MaxCyte, Inc. Study Published in Science Translational Medicine
January 12 2017 - 2:00AM
RNS Non-Regulatory
TIDMMXCT
MaxCyte, Inc.
12 January 2017
MaxCyte, NIH NIAID Study Published in Science Translational
Medicine Demonstrates CRISPR-Cas9 X-Linked CGD Gene Repair
- MaxCyte's Proprietary GT(R) System fosters translational
development of ex vivo gene-corrected cell therapy as potential
'curative' treatment for monogenic diseases through robust,
scalable manufacture process
Gaithersburg, MD, January 12, 2017 - MaxCyte(R), Inc. (LSE:
MXCT), developer and supplier of cell engineering products and
technologies to biopharmaceutical firms engaged in cell therapy,
drug discovery and development, biomanufacturing, gene editing and
immuno-oncology, announced today pre-clinical results from a
collaborative study with investigators at the National Institutes
of Health's (NIH) National Institute of Allergy and Infectious
Diseases (NIAID).

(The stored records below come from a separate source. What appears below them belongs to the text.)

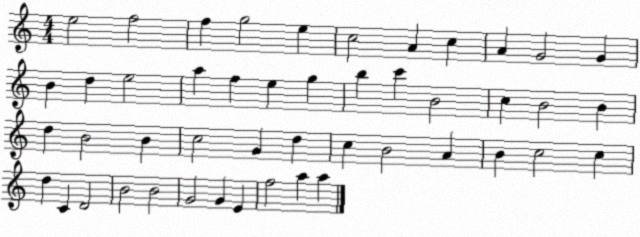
X:1
T:Untitled
M:4/4
L:1/4
K:C
e2 f2 f g2 e c2 A c A G2 G B d e2 a f e g b c' B2 c B2 B d B2 B c2 G d c B2 A B c2 c d C D2 B2 B2 G2 G E f2 a a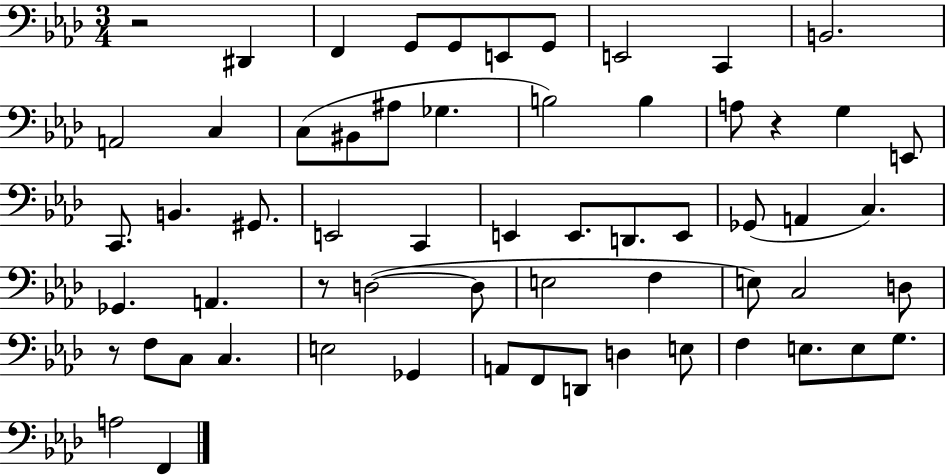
{
  \clef bass
  \numericTimeSignature
  \time 3/4
  \key aes \major
  \repeat volta 2 { r2 dis,4 | f,4 g,8 g,8 e,8 g,8 | e,2 c,4 | b,2. | \break a,2 c4 | c8( bis,8 ais8 ges4. | b2) b4 | a8 r4 g4 e,8 | \break c,8. b,4. gis,8. | e,2 c,4 | e,4 e,8. d,8. e,8 | ges,8( a,4 c4.) | \break ges,4. a,4. | r8 d2~(~ d8 | e2 f4 | e8) c2 d8 | \break r8 f8 c8 c4. | e2 ges,4 | a,8 f,8 d,8 d4 e8 | f4 e8. e8 g8. | \break a2 f,4 | } \bar "|."
}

Results from the study demonstrated clinically
relevant levels of correction in the CYBB gene mutation in
long-term engrafted hematopoietic stem cells (HSC) and
differentiated neutrophils in cells obtained from individuals with
X-linked chronic granulomatous disease (X-CGD).
The study was published in Science Translational Medicine[i] and
entitled "CRISPR-Cas9 gene repair of hematopoietic stem cells from
patients with X-linked chronic granulomatous disease."

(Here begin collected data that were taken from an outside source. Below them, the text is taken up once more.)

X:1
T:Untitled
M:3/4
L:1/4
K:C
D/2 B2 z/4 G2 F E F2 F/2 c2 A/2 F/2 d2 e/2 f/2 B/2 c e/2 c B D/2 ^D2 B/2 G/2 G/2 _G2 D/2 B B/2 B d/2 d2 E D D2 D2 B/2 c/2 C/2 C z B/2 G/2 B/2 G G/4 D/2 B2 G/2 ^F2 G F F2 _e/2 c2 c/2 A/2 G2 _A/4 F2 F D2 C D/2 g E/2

Using MaxCyte's patented Flow Electroporation(TM) Technology,
researchers demonstrated that transfecting three molecules, a
single-strand oligonucleotide correction template, along with
messenger RNA encoding for CRISPR-Cas9 gene editing complex and
selected guide RNA into HSC obtained from individuals with X-CGD,
resulted in correction of mutation in the CYBB gene. This
correction occurred at clinically relevant levels following
long-term engraftment in preclinical models.
"We are very encouraged by the preclinical data obtained in this
study, which showed the effectiveness of MaxCyte's proprietary,
high-performance technology to correct for genetic mutations,
especially in cases where traditional viral vector-based gene
insertion methods have not been effective," said Madhusudan V.

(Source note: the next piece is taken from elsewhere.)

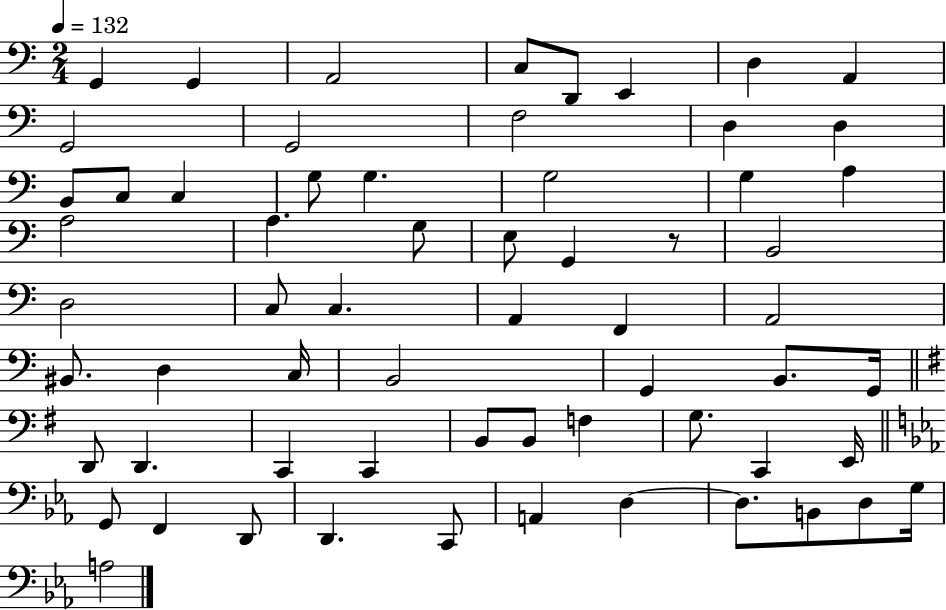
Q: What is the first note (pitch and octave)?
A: G2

Peshwa, Ph.D., MaxCyte's Chief Scientific Officer. "This study also
demonstrates the commitment of MaxCyte to fostering development of
novel cell therapies and supporting our partners' use of our
delivery platform. MaxCyte invests early in translational
development of non-virally engineered and ex vivo gene-edited cell
therapy products."
CGD is an inherited genetic disorder that impairs the function
of the immune system and leads to ongoing and severe bacterial
infections. The disease affects approximately one in 250,000 people
worldwide, according to MedScape, and is currently only treatable
through high-risk treatments, such as allogeneic bone marrow
transplantation. It is caused by a mutation in the CYBB gene, that
enables immune cells to defend against microbes. The MaxCyte and
NIAID researchers were able to restore function of the immune cells
by repairing this mutation in CYBB.
About MaxCyte
MaxCyte is a developer and supplier of cell engineering products
and technologies to biopharmaceutical firms engaged in cell
therapy, drug discovery and development, biomanufacturing, gene
editing and immuno-oncology markets. The Company's patented Flow
Electroporation(TM) Technology enables its products to deliver
fast, reliable and scalable cell engineering to drive the research
and clinical development of a new generation of medicines.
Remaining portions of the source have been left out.